I thought I'd relaunch my 'kinetoscope' series of blogs and post one now and then.   This blog is primarily about music, either current, future, or past experiences.

Interesting times with music and the internet lately. Of course, everyone had noticed this... but the barrier to release is pretty much zero now. You don't have to go through 'gatekeeper' labels to get your music out there. Soundcloud, Bandcamp, Youtube, Vimeo, CD Baby, Tunecore, Netlabels, and Achive.org all provide many easy outlets, either free, freemium, or cost based models. 

The bar is so many rungs lower, we really couldn't have a limbo party.

I think this is great. Technology and people have provided the ideas to new distribution models. Listeners have shifted in droves to listening on ipods and now the shift to the cloud is in massive swing. 

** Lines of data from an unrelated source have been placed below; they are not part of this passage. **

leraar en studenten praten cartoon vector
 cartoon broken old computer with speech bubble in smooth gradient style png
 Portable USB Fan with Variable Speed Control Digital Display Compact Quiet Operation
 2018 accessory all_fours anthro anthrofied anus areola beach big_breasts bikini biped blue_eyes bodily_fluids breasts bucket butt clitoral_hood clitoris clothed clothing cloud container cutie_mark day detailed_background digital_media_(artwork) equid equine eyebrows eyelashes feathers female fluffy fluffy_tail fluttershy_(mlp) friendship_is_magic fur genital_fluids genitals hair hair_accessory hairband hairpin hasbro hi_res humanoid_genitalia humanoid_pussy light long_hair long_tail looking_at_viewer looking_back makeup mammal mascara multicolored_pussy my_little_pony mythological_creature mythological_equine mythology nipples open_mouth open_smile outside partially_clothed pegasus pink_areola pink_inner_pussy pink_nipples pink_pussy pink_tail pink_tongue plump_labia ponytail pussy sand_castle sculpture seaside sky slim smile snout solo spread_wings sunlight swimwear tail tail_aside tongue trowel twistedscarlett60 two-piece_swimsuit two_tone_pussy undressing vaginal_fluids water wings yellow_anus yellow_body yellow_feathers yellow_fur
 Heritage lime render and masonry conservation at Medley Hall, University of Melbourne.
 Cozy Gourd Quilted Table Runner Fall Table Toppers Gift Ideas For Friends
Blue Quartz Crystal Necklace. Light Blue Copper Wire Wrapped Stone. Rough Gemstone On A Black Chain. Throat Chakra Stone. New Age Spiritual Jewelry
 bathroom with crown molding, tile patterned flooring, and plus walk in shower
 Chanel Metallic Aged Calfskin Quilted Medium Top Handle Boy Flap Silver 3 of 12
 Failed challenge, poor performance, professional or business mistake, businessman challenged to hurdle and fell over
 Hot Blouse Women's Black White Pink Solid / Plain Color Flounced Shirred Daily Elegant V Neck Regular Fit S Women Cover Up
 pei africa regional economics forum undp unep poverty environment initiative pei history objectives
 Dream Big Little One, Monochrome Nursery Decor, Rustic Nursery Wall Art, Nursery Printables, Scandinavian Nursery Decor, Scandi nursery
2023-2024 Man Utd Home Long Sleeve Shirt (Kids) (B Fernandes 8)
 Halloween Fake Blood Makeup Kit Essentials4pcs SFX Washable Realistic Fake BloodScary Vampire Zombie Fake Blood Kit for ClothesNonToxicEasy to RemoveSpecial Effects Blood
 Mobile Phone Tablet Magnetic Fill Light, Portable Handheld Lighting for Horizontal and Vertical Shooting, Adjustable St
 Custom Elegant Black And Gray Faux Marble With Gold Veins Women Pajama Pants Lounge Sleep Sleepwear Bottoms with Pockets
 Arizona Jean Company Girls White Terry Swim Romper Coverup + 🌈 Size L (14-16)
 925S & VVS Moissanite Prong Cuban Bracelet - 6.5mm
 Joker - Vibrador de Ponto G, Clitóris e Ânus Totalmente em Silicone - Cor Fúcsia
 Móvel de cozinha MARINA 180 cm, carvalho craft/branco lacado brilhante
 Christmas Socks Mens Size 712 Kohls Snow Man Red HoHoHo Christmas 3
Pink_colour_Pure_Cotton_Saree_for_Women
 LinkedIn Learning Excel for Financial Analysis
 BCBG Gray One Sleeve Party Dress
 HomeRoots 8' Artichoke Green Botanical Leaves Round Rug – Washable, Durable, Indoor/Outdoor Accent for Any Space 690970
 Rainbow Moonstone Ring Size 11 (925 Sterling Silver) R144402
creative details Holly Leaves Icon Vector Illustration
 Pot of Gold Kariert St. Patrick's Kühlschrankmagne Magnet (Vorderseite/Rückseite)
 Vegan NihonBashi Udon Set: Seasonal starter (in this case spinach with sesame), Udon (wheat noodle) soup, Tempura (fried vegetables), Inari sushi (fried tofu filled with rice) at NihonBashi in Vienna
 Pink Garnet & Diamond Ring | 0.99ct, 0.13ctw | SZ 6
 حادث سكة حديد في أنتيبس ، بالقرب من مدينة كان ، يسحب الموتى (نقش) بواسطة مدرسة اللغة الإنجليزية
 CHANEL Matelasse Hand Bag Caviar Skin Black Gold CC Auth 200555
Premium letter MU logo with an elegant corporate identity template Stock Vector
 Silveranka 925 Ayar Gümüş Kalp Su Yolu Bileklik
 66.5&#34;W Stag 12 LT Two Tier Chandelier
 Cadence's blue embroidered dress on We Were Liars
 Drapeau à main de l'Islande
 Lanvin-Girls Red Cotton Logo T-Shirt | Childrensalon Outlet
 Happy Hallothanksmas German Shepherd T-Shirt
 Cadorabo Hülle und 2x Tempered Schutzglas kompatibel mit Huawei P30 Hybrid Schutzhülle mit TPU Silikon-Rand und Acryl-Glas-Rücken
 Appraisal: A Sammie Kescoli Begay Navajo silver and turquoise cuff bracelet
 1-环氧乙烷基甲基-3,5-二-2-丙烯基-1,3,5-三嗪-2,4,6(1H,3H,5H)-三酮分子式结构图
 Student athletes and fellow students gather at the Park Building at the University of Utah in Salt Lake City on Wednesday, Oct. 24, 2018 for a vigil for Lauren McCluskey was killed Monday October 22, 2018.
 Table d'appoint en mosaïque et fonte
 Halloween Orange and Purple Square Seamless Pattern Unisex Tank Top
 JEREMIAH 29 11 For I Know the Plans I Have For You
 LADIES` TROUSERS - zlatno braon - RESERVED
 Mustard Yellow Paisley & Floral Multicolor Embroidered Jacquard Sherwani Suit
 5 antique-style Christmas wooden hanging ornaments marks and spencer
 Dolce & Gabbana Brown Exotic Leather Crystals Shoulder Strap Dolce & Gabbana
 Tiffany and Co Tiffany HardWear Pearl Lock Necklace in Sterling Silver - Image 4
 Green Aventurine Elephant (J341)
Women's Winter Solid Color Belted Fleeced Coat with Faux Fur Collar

The only downside, and it's a small downside compared to the ability for anyone with the drive to go do it to make it happen... is there is no longer a clear path to getting heard by a lot of people.  There are so many paths up the mountain, and so many people making that climb - that it's easy to get lost in the avalanche of artists and releases every day. 

I think that's where labels come in to play now... a label can be the tastemaker, gate keeper, curator, whatever word you want to use.  You pretty much know that a release on my label, Relaxed Machinery, is going to be ambient in one of ambient's many forms.  You know Lotuspike, Hypnos, DataObscura, AD21, Groove, Timeroom, Feedback Loop, Earth Mantra, etc. etc. etc...   they've created identies.  By working with certain artist, having a vision...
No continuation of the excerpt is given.